Açıklamada, devletin deprem sonrası süreci kötü yönettiği, çadırların satıldığı, yardımların engellendiği ve enkazdan çıkarılan cansız bedenlerin molozlarla birlikte döküldüğü belirtildi. Depremzedelerin hâlâ konteyner kentlerde yaşamak zorunda bırakıldığı, altyapı sorunlarının çözülmediği ve kamu hizmetlerinin yetersiz olduğu vurgulandı.
Ayrıca, depremin ardından sorumluların hesap vermediği, müteahhitlerin ve kamu görevlilerinin yargılanmadığı ifade edildi. Depremin ardından kamu ihalelerinin yine büyük şirketlere verildiği, rant politikalarının devam ettiği belirtildi.

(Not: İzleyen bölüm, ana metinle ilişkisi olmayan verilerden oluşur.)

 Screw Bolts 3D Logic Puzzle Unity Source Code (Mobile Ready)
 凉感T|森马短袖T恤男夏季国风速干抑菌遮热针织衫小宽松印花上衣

KOLLUK KUVVETLERİ YÜRÜYÜŞE MÜDAHALE ETTİ, PROTESTOCULAR DİRENDİ
Yürüyüşe katılan grup, kolluk kuvvetlerinin engellemeleriyle karşılaştı. Polis, eylemcilerin Yüksel Caddesi’nden Madenci Anıtı’na kadar yürümelerine izin vermedi. Protestocular, engellemeleri aşmak için "Barikatı aç, aç!" sloganları atarak direniş gösterdi ve yürüyüşlerine devam etti.
“UNUTMAK YOK, AFFETMEK YOK, HELLALEŞMEK YOK”
Açıklamada, emekçilerin ve halkın her gün yeni bir felaketle karşı karşıya bırakıldığına dikkat çekilerek, Bolu’daki otel yangınında 79 kişinin yaşamını yitirdiği, 2024 yılında en az 1897 işçinin iş cinayetlerinde hayatını kaybettiği ve bu işçilerin 71’inin çocuk olduğu vurgulandı.
"Bizi ancak yeni katliamları beklemeden bir araya gelmek kurtaracaktır. Hayatta kalmak için verilen mücadele, hayatı kurmak için verilen mücadeleye dönüştüğünde katliamların, ölümlerin önüne geçilecektir. Depremler, yangınlar, yıkımlar, cinayetler kaderimiz değil! Yaşamak için mücadele etmek dışında yol yoktur."
TALEPLER
Eylemde, depremzedelerin insanca yaşayabileceği koşullar sağlanana kadar tüm hizmetlerin ücretsiz olması gerektiği belirtilerek şu talepler sıralandı:
Ücretsiz, yerinde, depreme dayanıklı, ekolojik ve nitelikli barınma hakkı
Deprem bölgesinde alınacak her kararda halkın söz sahibi olması
Deprem suçlarına karışan tüm yetkililerin yargılanması
Kamulaştırma ve istimlak uygulamalarının durdurulması
Konteyner kentlerde yaşayanlara yönelik baskıların sona ermesi
Ulaşım, sağlık, barınma, elektrik ve suyun ücretsiz sağlanması
Kentlerde güvenli yaşamın sağlanması ve bütçenin rant için değil depremzedeler için kullanılması
Eylem, sloganlar ve alkışlar eşliğinde sona erdi.